Max Wall was like some little music hall goblin who had uncurled himself from the backstage skip where he had been sleeping for 60 years to amaze and enchant the rock and roll generation. Mott the Hoople took the King of Funny Walks on tour in the 1970s and he also appeared with Ian Dury, a long-time fan.
In his one-man shows, Wall's persona was a contemptuous version of himself - a cheap, tatty comedian mournfully telling terrible old jokes but at the same time standing apart from the performance and mocking it, deconstructing his act and examining its pitiful components.
Battered, truculent, often a bit drunk, ridiculous in his bedraggled wig and motheaten tights, he would leer insolently at the audience: "Wall is the name, ladies and gentlemen. Max Wall, standing before you in the flesh, not a cartoon. Man's answer to the peacock".

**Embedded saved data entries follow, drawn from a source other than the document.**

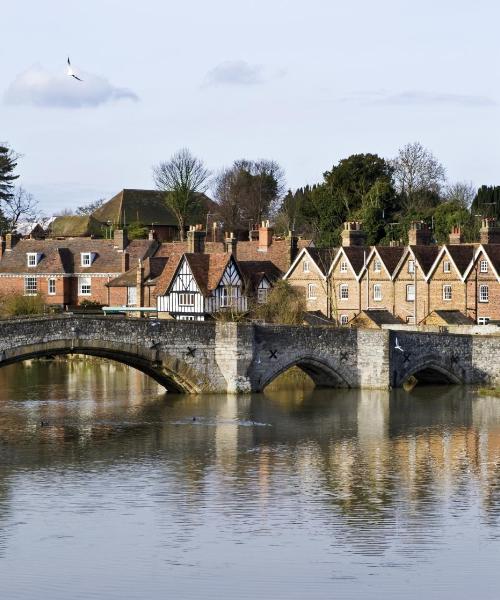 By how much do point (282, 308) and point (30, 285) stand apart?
23.1m

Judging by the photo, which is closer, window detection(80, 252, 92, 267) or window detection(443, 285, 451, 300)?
window detection(443, 285, 451, 300)

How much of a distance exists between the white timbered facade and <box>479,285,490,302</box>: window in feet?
37.3

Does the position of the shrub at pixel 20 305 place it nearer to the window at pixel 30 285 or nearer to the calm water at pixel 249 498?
the window at pixel 30 285

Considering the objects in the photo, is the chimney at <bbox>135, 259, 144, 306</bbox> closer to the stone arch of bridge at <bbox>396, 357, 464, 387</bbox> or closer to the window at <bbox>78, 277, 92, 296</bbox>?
the window at <bbox>78, 277, 92, 296</bbox>

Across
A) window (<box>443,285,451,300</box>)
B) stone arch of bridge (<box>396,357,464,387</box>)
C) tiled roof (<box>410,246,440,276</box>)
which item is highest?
tiled roof (<box>410,246,440,276</box>)

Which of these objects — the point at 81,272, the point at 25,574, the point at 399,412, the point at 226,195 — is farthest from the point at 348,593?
the point at 226,195

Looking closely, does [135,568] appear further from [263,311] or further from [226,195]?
[226,195]

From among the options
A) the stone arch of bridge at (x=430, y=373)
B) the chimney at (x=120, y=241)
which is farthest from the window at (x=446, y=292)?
the chimney at (x=120, y=241)

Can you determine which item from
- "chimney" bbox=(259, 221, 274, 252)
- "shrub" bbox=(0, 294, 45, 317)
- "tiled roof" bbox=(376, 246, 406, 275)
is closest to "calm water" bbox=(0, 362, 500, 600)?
"tiled roof" bbox=(376, 246, 406, 275)

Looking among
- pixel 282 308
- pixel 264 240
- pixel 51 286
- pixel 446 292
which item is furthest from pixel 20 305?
pixel 446 292

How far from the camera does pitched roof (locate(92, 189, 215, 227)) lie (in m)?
101

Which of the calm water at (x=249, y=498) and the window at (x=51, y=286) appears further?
the window at (x=51, y=286)

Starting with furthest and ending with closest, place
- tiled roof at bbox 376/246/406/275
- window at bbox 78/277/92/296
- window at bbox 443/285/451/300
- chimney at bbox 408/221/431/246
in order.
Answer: window at bbox 78/277/92/296 < chimney at bbox 408/221/431/246 < tiled roof at bbox 376/246/406/275 < window at bbox 443/285/451/300

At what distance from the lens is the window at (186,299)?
7156cm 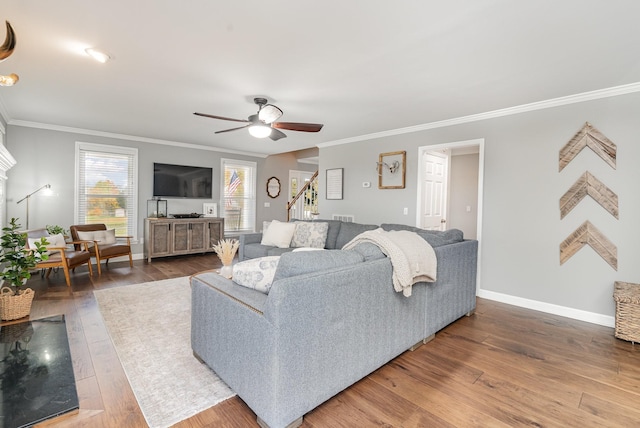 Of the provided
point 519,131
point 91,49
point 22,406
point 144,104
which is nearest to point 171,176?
point 144,104

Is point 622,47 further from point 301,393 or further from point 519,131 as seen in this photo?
point 301,393

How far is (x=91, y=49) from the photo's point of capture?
2463 millimetres

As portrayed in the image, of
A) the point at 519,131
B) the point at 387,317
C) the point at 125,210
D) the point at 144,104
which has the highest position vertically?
the point at 144,104

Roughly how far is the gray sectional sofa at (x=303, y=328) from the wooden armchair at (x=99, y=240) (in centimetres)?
381

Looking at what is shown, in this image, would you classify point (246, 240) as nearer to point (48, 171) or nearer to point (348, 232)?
point (348, 232)

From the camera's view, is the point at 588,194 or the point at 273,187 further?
the point at 273,187

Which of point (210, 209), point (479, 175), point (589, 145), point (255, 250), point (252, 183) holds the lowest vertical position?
point (255, 250)

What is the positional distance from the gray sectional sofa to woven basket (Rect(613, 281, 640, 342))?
196cm

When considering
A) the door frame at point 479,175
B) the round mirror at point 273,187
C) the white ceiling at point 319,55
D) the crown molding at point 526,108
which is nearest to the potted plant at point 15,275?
the white ceiling at point 319,55

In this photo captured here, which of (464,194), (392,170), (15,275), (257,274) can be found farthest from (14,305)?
(464,194)

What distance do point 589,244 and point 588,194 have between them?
53 centimetres

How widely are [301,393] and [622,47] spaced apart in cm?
330

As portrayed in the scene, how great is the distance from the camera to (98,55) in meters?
2.54

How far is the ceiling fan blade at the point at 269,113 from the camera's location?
3.36 metres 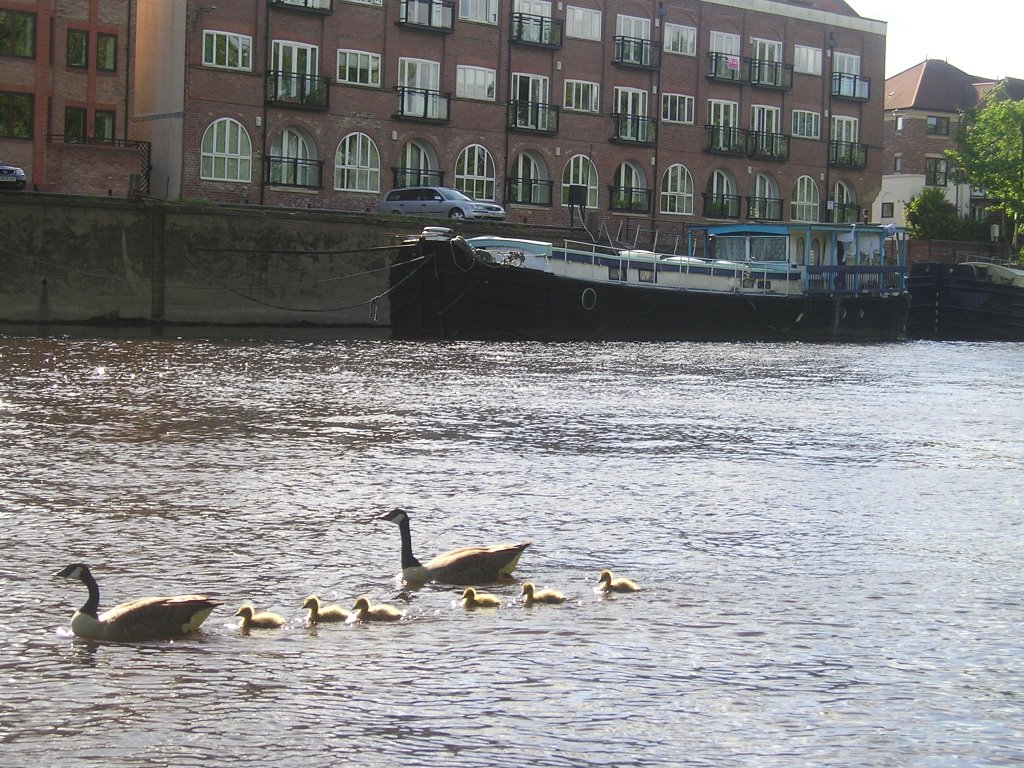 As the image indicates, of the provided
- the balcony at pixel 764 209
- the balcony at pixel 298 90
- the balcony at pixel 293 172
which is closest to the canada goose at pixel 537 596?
the balcony at pixel 293 172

Born into a show business family in 1908 - his father was the Scots comedian Jack Lorimer - Wall originally trained as a ballet dancer. The skills he learned were useful in variety, when he created the character of Professor Wallofski, the demented concert pianist who funny-walked his way up and down the stage to a drum-roll with a meld of jerky "legmania", sharp-shooting tap techniques and ballet steps.
Behind the grotesque parody, it was evident that Wall was a superb dancer.
During the 1940s and early 1950s, he was one of Britain's top comedians, but professional disgrace came when he left his wife and children to run off with a beauty queen in the mid-1950s. The popular press pilloried him, and his career as a star seemed over.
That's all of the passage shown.